▶ **TASK TO COMPLETE**:
In the listing below, locate the line that contains "The sun is different" and the line that contains "Frenchie Vibes Only Hoodie". Restate word for word those two lines and every line between them, and nothing else.

▶ **THE DATA**:
· · ·
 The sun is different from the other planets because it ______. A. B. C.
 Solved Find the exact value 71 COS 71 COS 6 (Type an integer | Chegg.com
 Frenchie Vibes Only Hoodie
· · ·
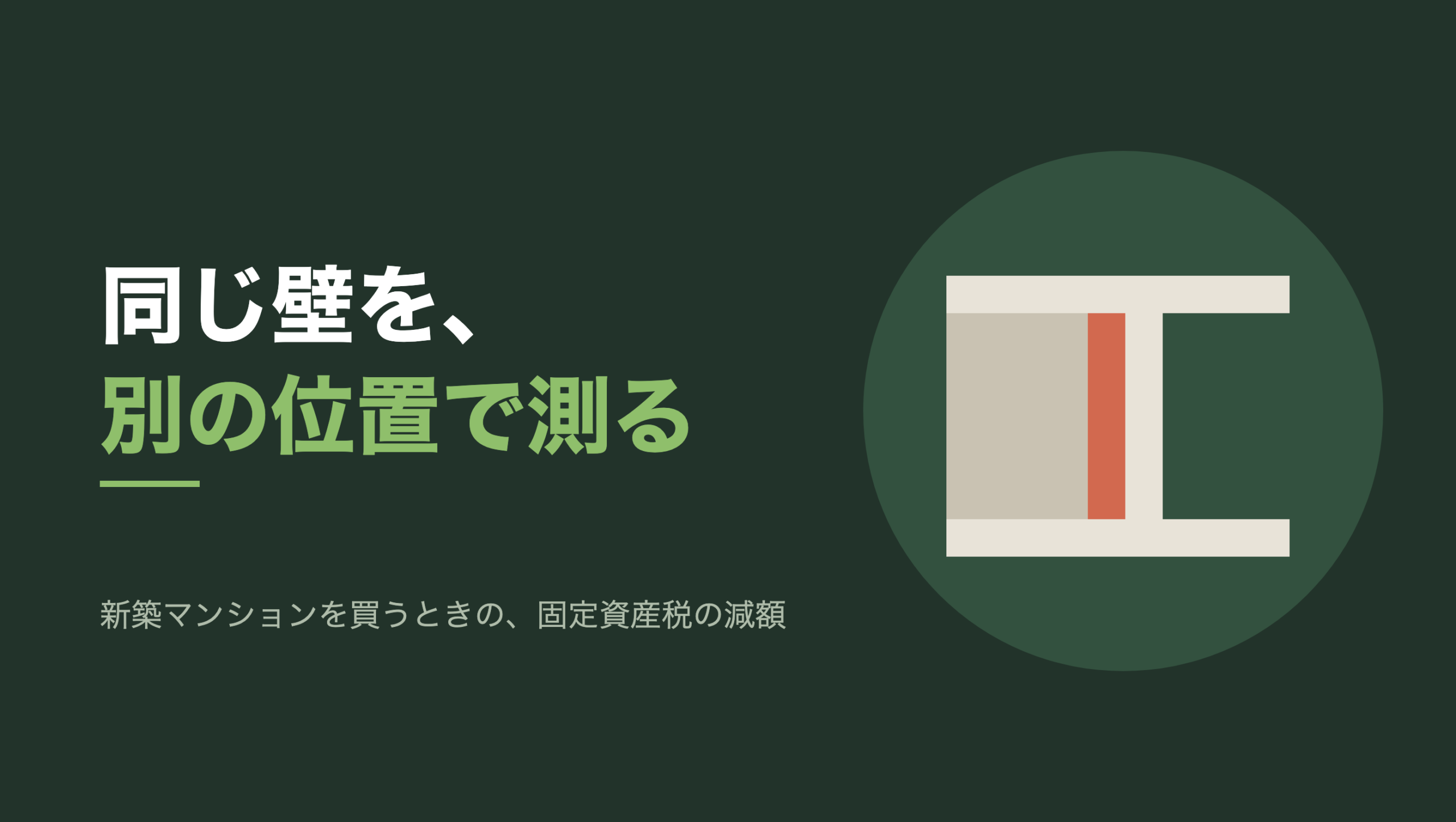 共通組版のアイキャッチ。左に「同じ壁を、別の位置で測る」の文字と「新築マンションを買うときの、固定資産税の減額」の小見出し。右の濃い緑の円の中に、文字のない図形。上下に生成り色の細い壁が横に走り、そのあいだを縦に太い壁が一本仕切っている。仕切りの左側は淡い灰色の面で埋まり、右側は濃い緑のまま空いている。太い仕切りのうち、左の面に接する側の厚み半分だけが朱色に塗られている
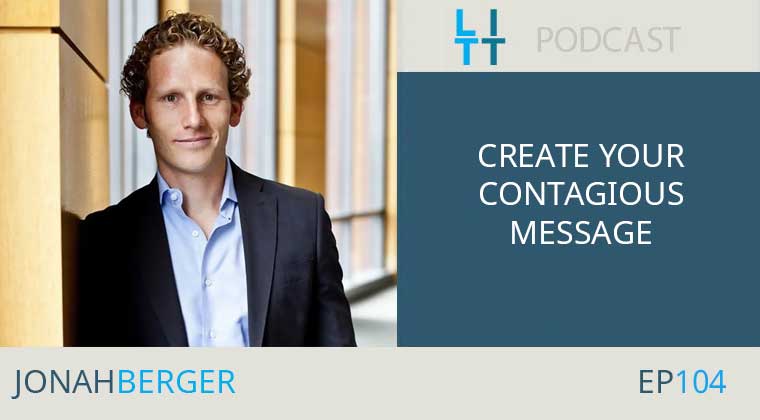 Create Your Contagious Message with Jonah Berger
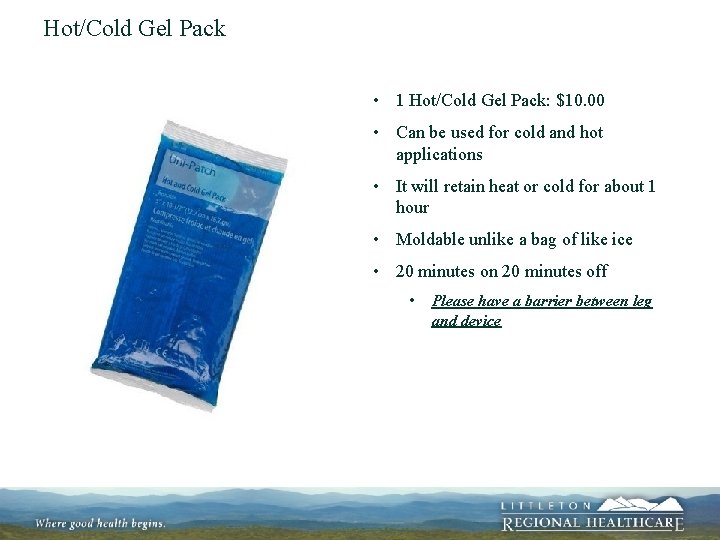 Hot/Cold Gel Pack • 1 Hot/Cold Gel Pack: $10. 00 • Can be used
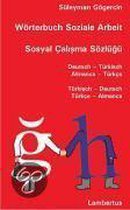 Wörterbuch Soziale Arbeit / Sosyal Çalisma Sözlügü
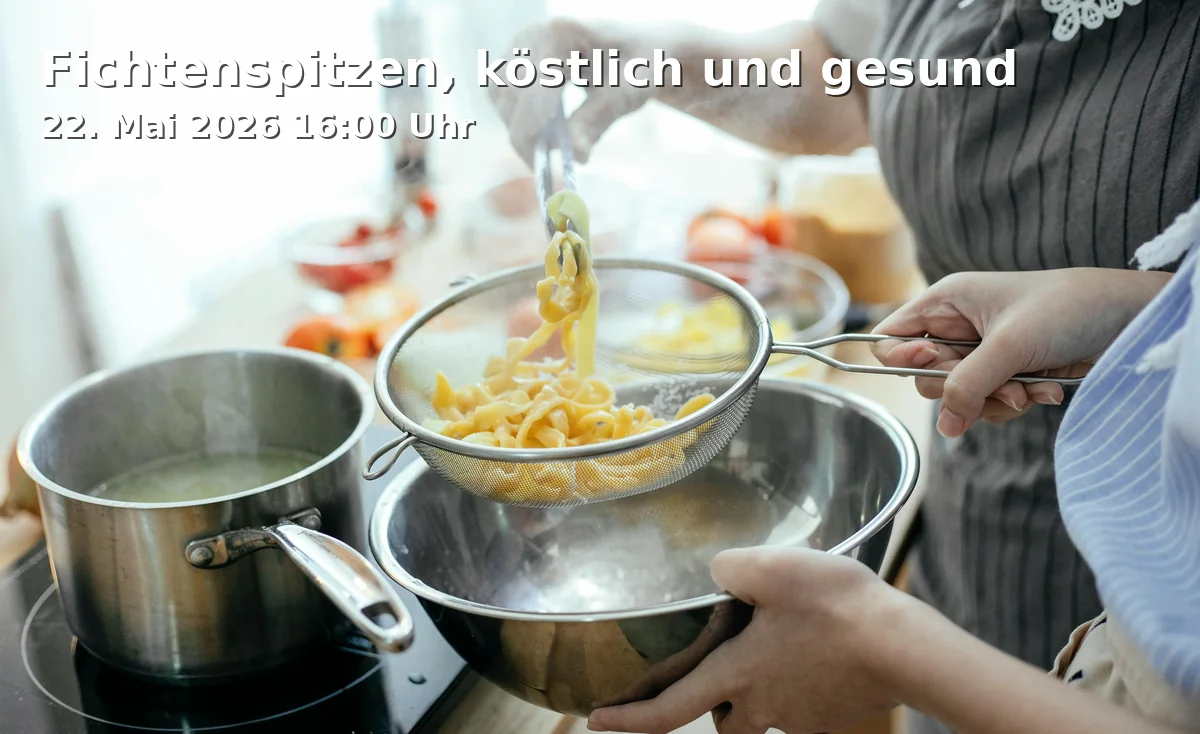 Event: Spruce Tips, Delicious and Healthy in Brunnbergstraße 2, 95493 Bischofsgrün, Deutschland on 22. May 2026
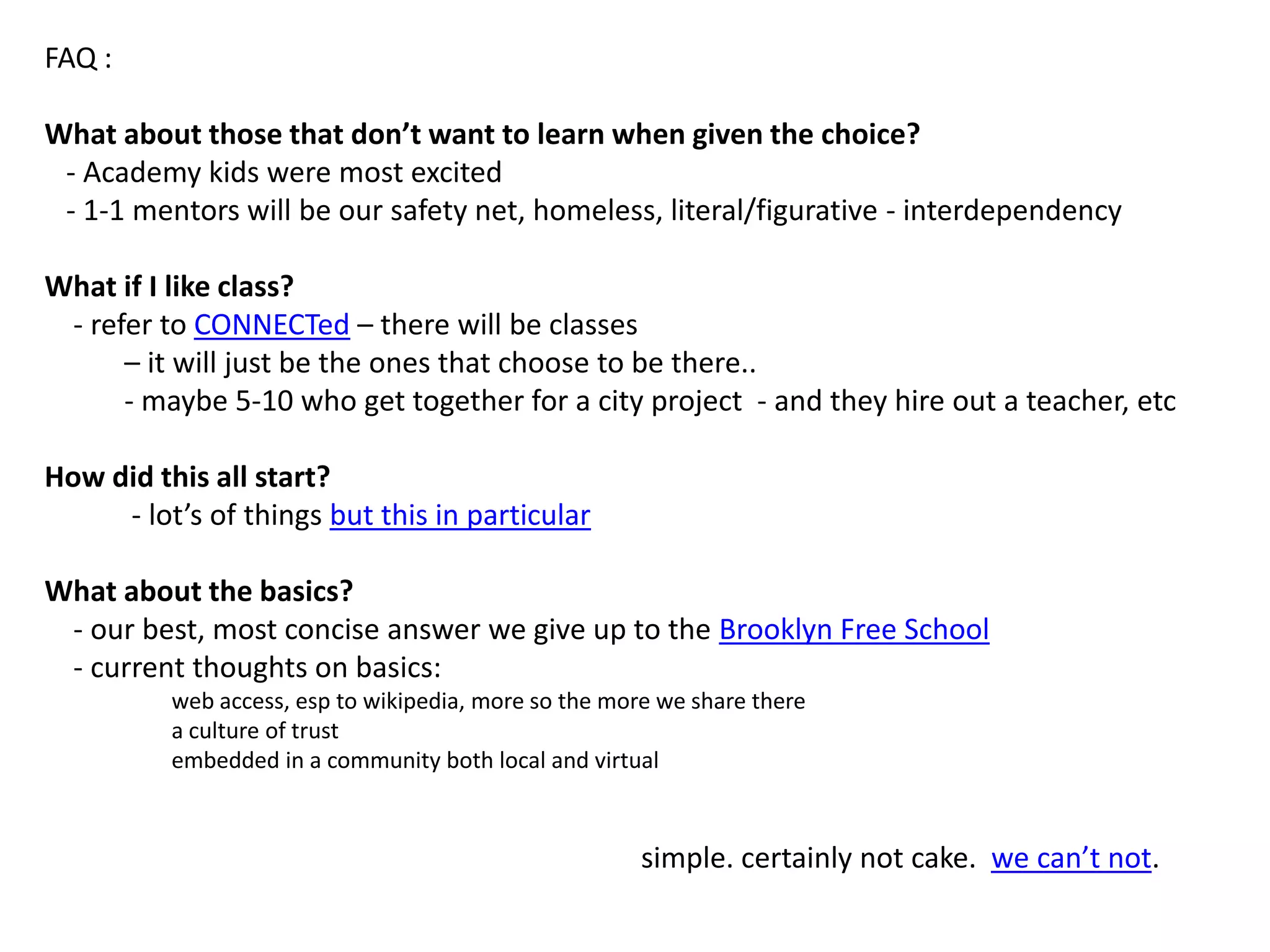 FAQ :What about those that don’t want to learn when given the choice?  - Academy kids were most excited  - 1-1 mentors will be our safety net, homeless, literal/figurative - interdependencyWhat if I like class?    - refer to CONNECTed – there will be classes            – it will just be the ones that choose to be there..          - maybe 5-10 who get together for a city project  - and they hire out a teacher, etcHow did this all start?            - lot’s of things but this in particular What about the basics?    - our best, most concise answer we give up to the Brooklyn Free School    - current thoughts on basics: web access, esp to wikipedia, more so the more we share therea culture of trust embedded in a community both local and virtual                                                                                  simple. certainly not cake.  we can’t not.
· · ·
▶ **RESULT**:
 The sun is different from the other planets because it ______. A. B. C.
 Solved Find the exact value 71 COS 71 COS 6 (Type an integer | Chegg.com
 Frenchie Vibes Only Hoodie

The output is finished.